In its favour, it does introduce the ‘matter paddle’, a sort of teleport device the Kryten repairs, allowing the crew to venture much further afield than was previously possible – in this case to a wax-droid theme park which, following millennia of abandonment, has descended into an idiotic war.
Enter Arnold Rimmer, Risk-nerd turned hardest of Generals, taking command of a motley crew of holymen and pacifists, turning them into an army which he will send on a daylight charge across a minefield towards an enemy led by a Hitler-droid…
I still feel there’s a solution, probably involving triangles.
Although there are a few laughs to be had along the way, a few lines playing on war movies to make a change from the usual sci-fi references, but the episode as a whole comes across as a bit silly – and then Holly shows up at the end, for no reason other than to be on a motorcycle headlamp. The fact that he hasn’t been in the story at all up to that point just makes his single line all the more jarring.
What the episode does do – and perhaps this was more poignant when it was first shown, after the end of the Gulf War – is highlight the utter futility of war: the pointless killing of innocents – in this case Winnie the Pooh. The ruthless (not to mention under-qualified) General willing to sacrifice his own, equally under-qualified, soldiers. The senior officer (Kryten) just following orders.
I’m sorry, sirs, I had no choice. I’m programmed to obey, no matter how psychotic and deranged the human order.

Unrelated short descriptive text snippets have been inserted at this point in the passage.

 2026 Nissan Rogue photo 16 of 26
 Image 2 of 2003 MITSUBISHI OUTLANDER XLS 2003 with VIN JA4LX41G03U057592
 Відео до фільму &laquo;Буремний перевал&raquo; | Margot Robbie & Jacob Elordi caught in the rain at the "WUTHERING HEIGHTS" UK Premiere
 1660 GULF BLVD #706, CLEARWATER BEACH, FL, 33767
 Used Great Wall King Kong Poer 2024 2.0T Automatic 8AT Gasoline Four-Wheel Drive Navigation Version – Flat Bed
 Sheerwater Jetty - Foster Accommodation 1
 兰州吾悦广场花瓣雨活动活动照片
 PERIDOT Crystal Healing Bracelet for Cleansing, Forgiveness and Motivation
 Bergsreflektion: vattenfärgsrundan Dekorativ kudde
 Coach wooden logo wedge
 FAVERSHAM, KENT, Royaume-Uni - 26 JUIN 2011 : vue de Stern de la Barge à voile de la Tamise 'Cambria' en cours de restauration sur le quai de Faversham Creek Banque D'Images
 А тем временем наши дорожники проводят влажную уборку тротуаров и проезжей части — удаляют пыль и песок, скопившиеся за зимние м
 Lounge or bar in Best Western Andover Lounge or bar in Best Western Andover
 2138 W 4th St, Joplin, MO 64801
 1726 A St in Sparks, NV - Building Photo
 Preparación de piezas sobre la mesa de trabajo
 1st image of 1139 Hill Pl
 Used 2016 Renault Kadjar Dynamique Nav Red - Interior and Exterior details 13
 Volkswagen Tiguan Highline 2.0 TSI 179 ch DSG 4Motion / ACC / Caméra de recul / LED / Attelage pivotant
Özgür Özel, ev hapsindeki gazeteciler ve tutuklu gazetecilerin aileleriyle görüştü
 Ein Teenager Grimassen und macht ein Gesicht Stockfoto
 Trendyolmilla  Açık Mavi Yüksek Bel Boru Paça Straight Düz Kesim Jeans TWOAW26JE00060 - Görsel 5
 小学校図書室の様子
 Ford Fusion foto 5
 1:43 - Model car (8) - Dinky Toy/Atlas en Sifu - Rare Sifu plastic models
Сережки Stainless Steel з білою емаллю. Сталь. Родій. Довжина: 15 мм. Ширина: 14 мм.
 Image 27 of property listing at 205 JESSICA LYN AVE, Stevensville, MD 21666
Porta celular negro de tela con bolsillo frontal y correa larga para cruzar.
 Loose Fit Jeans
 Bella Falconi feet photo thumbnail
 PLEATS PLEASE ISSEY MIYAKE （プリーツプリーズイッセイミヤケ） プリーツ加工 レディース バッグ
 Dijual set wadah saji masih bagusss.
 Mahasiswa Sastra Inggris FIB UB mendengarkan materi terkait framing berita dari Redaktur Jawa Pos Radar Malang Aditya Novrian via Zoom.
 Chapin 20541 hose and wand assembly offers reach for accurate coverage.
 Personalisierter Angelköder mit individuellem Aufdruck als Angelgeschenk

There is a happy ending, of course; General Rimmer brings peace back to Waxworld – by following through a policy of Mutually Assured Destruction.
Lister, as usual, is the voice of reason, raging against Rimmer’s war machine, but to no avail – at least until after the war has wiped everyone else out and he can punish Rimmer in his own inimitable style…
Watch it if you’re a war movie buff, or a fan of the 70s movie Westworld, but don’t expect a classic episode, or for it to say anything new about war.